There will be some people who ask you for a discount. Some are even bold enough to ask for completely free labor.

Others will offer some sort of bartering opportunity where you get something other than money in return for your efforts.

I’ll admit, I have on multiple occasions offered a slightly lower rate to family than regular clients.

I’ve even accepted a trade with friends. One thing I’ve learned is that the work can quickly become demanding and not worth whatever you’re getting in return.

Ultimately, time spent on this type of work could be spent looking for new business and on paying projects.

With this in mind, declining requests can still be pretty awkward. Read on for a few ways to do it.

Give Yourself Permission to Set Boundaries

According to a survey by, only a small portion of top-tier freelance writers make $40,000 or more.

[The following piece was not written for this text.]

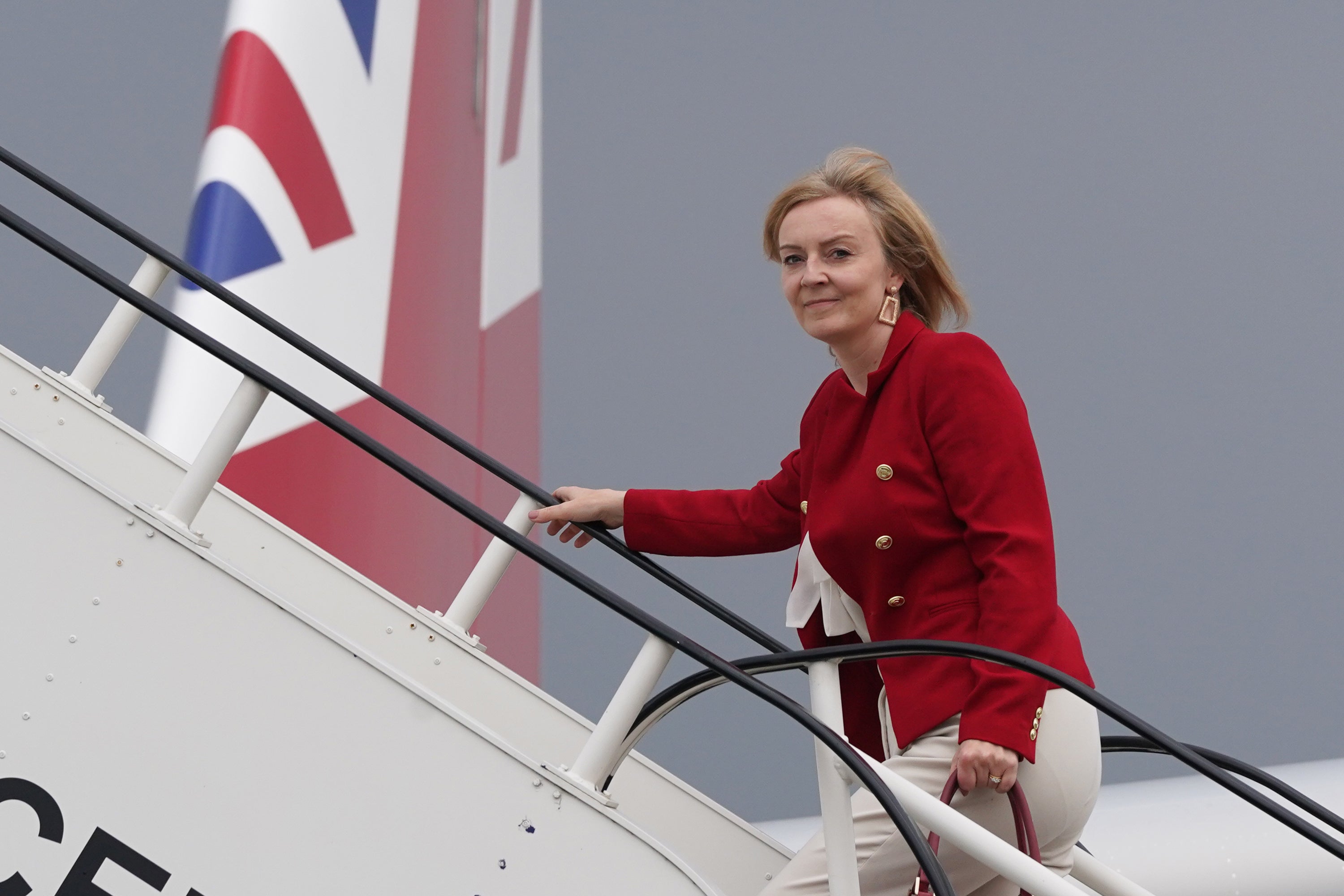 <p>Foreign Secretary Liz Truss boarding RAF Voyager – the government’s other private jet (Stefan Rousseau/PA)</p>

Most freelance writers make around $10,000 annually including people with several years of experience.

The top tier freelancers are careful with their workable hours, stand up for themselves, accept rejection, and seek high paying work.

Caving into requests for free or discounted work that takes up a lot of your time is the opposite of what higher performing freelancers are doing.

Think of the very minimum you can charge anyone (including family and friends) that will still compensate you properly.

Then be viciously selfish with your time.

If a family member or friend asks you for a service, turn the question back on them and ask for their budget.

If their budget is not something you can honor based on the time commitment, understand that you have every right to say no.

Put All of Your Cards Out on the Table

Some family and friends will challenge your decision. The conversation may even get pretty uncomfortable.

You can handle it respectfully in two ways.

You can go the simple route of explaining that your calendar right now is full and you’re unable to take on any new work.

Then you can refer them to another source like a peer who can meet their budget or a freelancer marketplace.

If you get pushback, be sincere. Review how much you charge for regular work and the impact that discounts have on your business.

Sometimes people are simply not aware of how long it takes to do a job.

For example, if a friend is willing to walk your dog in exchange for editing their manuscript, they may not realize that a few hours of dog walks doesn’t come close to the commitment or effort necessary to do that task.

Final Word

Fielding requests from people you know who want a discount is challenging.

The giving person in us wants to please people and to do favors.

But the business person in us knows that there’s no way we can survive while giving away freebies to everyone who asks for it.

Stand your ground.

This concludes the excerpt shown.